DATA 621 - Business Analytics and Data Mining

Univariate Visualization

Univariate plots are plots of individual attributes without interactions. The goal is to learn something about the distribution, central tendency and spread of each attribute.

Histograms

Histograms provide a bar chart of a numeric attribute split into bins with the height showing the number of instances that fall into each bin. They are useful to get an indication of the distribution of an attribute.

# load the data
data(iris)
# create histograms for each attribute
par(mfrow=c(1,4))
for(i in 1:4) {
hist(iris[,i], main=names(iris)[i])
}

Density Plots

Density Plots smooth out the histograms to lines. These are useful for a more abstract depiction of the distribution of each variable.

#load packages
library(lattice )
# load dataset
data(iris)
# create a layout of simpler density plots by attribute
par(mfrow=c(1,4))
for(i in 1:4) {
plot(density(iris[,i]), main=names(iris)[i])
}

Box And Whisker Plots

The box captures the middle 50% of the data, the line shows the median and the whiskers of the plots show the reasonable extent of data.

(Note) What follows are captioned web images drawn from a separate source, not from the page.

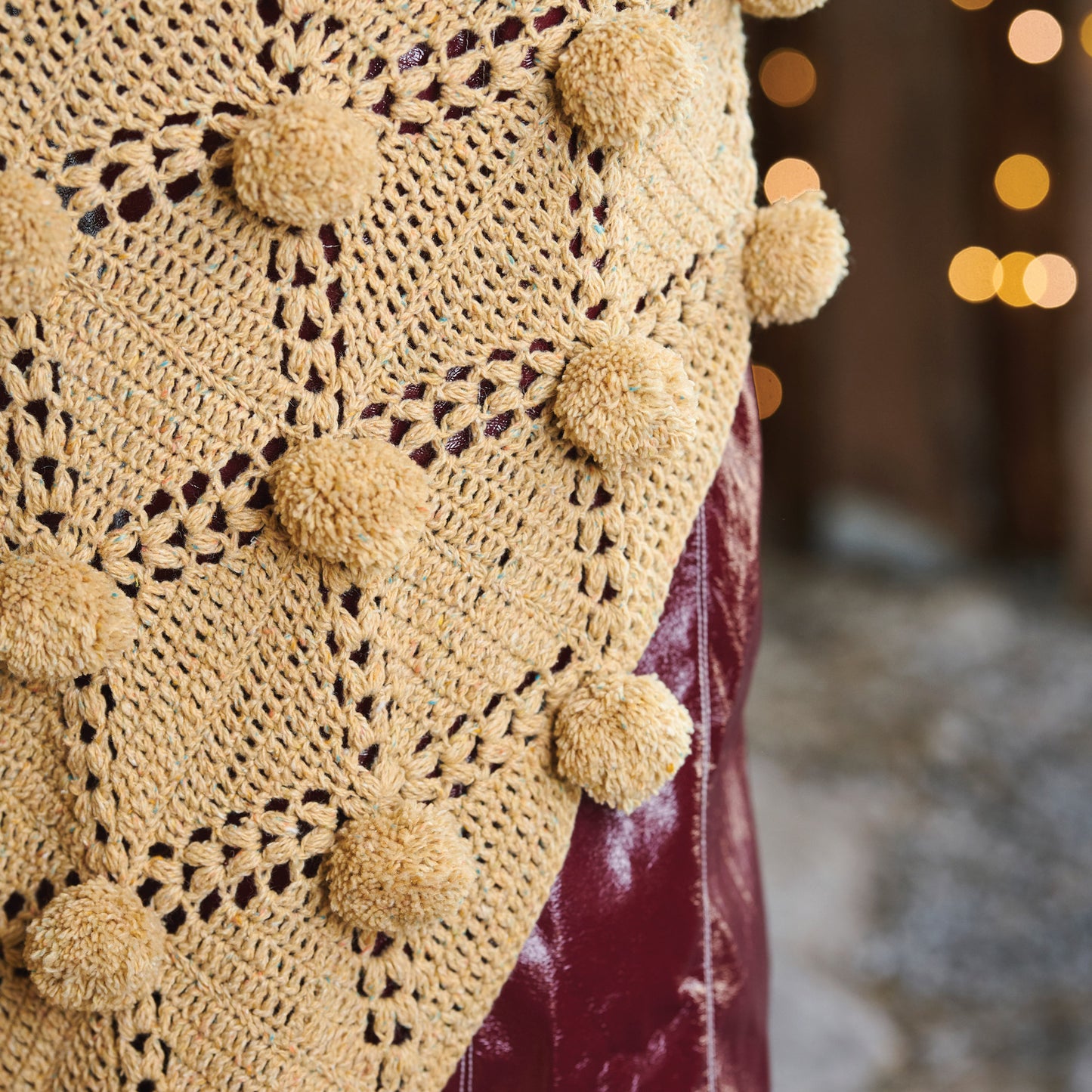 Close-up of a beige crochet shawl with pom-poms against a blurred background
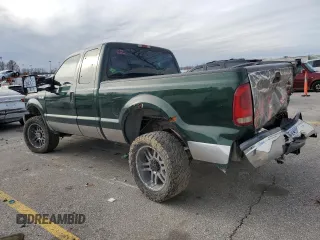 1999 Ford F-250 XL with VIN 1FTNX21F1XEC66642, listed as a Copart auction lot 43719795 with 243,637 mi miles and Salvage title. Bid and sale history available at DreamBid. Image 2.
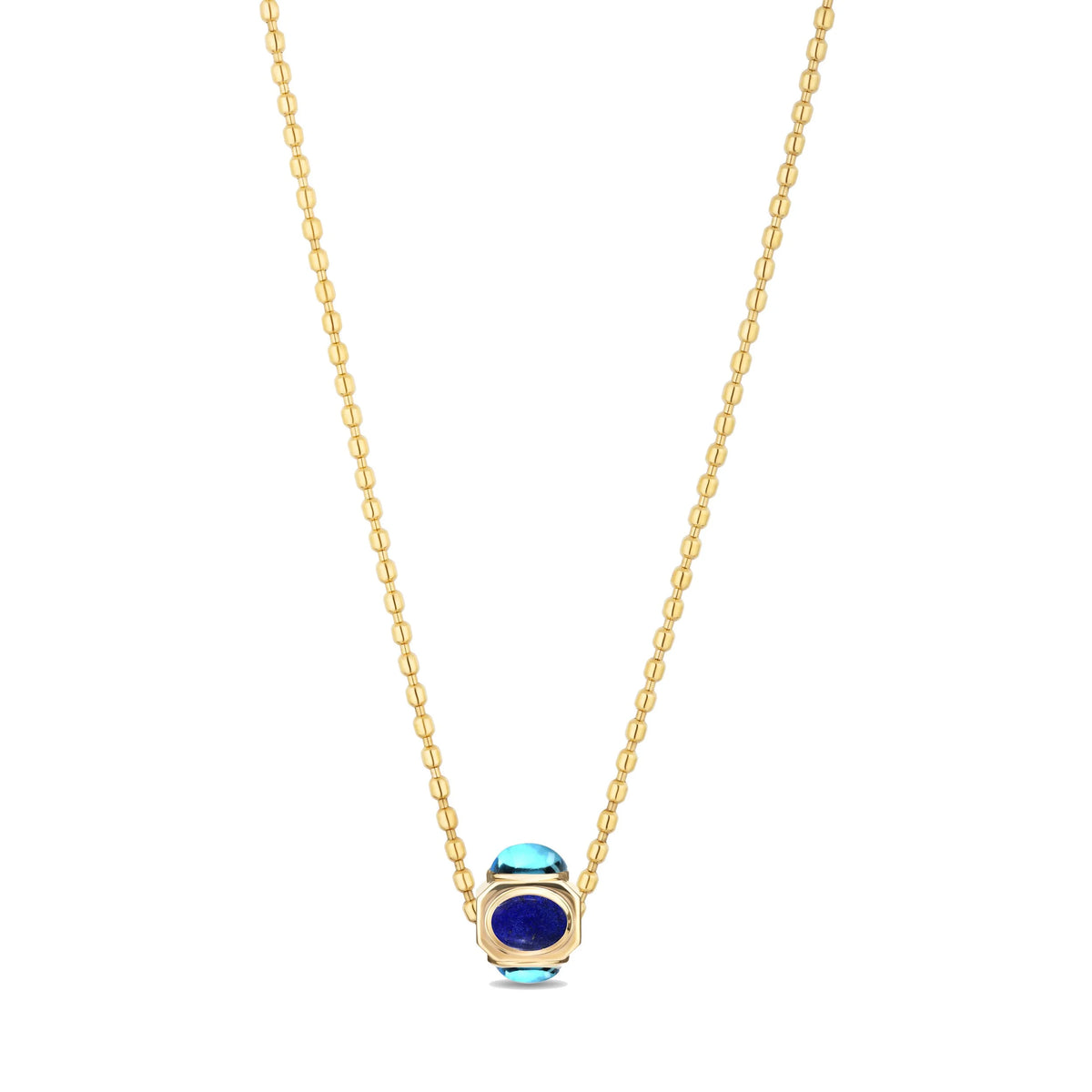 A gold chain necklace featuring a small pendant with a deep blue oval stone and light blue accent stones, set in a gold bezel, shown against a plain white background.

Any dots outside the whiskers are good candidates for outliers.

# load dataset
data(iris)
# Create separate boxplots for each attribute
par(mfrow=c(1,4))
for(i in 1:4) {
boxplot(iris[,i], main=names(iris)[i])
}

Bar Plots

In datasets that have categorical rather than numeric attributes, we can create bar plots that give an idea of the proportion of instances that belong to each category.

# load the package
if (!require('mlbench')) install.packages('mlbench')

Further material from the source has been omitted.